Vermeer nasce a Delft, nei Paesi Bassi, intorno al 1632. Non si sa molto della sua formazione artistica, ma è probabile che abbia studiato con il pittore Carel Fabritius, che ha influenzato il suo stile. Nel 1653 sposa Catharina Bolnes, che diventa la protagonista di molti suoi quadri, con soggetti spesso ricorrenti: dalla “Donna in azzurro che legge una lettera” alla “Lettrice alla finestra”, recentemente restaurato. Si stabilisce dunque a Delft, dove trascorre tutta la sua vita e svolge la maggior parte del suo lavoro artistico.

La luce soffusa di Vermeer in mostra al Rijksmuseum di Amsterdam | Rec News dir. Zaira Bartucca
Donna che legge una lettera davanti alla finestra

A partire dal 1670 comincia a diventare sempre più richiesto, e le sue opere – dimenticato lo stile un po’ grottesco degli esordi di “The Procuress” – vengono esposte in tutta Europa. Nonostante popolarità, decide comunque di rimanere riservato e discreto, scegliendo di trascorrere la maggior parte della sua vita lontano dai riflettori.

Vermeer è conosciuto soprattutto per le sue scene interne, in cui rappresenta persone impegnate in attività quotidiane, come la lettura – appunto – la musica o la conversazione. Quasi foto dell’epoca scattate di soppiatto mentre il soggetto non sa di essere visto, le sue “scene” sono caratterizzate da una luce soffusa che crea un’atmosfera interiore e serena, e dall’utilizzo di colori brillanti e vivaci. Uno dei suoi quadri più famosi è “La ragazza con l’orecchino di perla”, che ritrae una giovane donna con un turbante azzurro che emerge da uno sfondo scuro.

Vermeer ha anche dipinto paesaggi e ritratti, ma queste opere sono meno numerose rispetto alle sue scene interne. Tuttavia, sono ugualmente importanti per la sua carriera e il suo stile, e rappresentano una sfida artistica diversa rispetto alle sue opere più famose. La sua abilità nell’utilizzare la luce per creare effetti drammatici e tridimensionali ha reso le sue opere molto apprezzate e ammirate dai contemporanei.

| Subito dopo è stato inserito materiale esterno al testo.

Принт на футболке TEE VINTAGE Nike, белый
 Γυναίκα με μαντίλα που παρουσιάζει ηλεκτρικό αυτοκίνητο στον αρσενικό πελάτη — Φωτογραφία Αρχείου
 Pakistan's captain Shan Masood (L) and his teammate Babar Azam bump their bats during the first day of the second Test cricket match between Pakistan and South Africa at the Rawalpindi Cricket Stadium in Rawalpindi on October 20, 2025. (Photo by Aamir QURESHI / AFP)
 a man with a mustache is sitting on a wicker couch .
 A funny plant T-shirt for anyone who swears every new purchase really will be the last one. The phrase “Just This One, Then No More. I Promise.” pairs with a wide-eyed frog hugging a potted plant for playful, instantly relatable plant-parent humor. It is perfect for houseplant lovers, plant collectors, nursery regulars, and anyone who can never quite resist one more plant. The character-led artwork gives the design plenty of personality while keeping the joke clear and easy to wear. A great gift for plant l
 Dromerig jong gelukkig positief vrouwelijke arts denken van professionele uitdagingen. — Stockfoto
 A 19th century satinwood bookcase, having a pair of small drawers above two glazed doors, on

La mostra del Rijksmuseum di Amsterdam rappresenta un’occasione unica per ammirare le opere principali di Vermeer in un unico luogo. La personale riunirà per la prima volta 28 sue opere, provenienti da musei di tutto il mondo, tra cui il Louvre di Parigi, il Metropolitan Museum of Art di New York e il Museo del Prado di Madrid.“The Milkmaid”, “Girl with a Pearl Earring” e “The Love Letter” saranno esposte insieme per la prima volta.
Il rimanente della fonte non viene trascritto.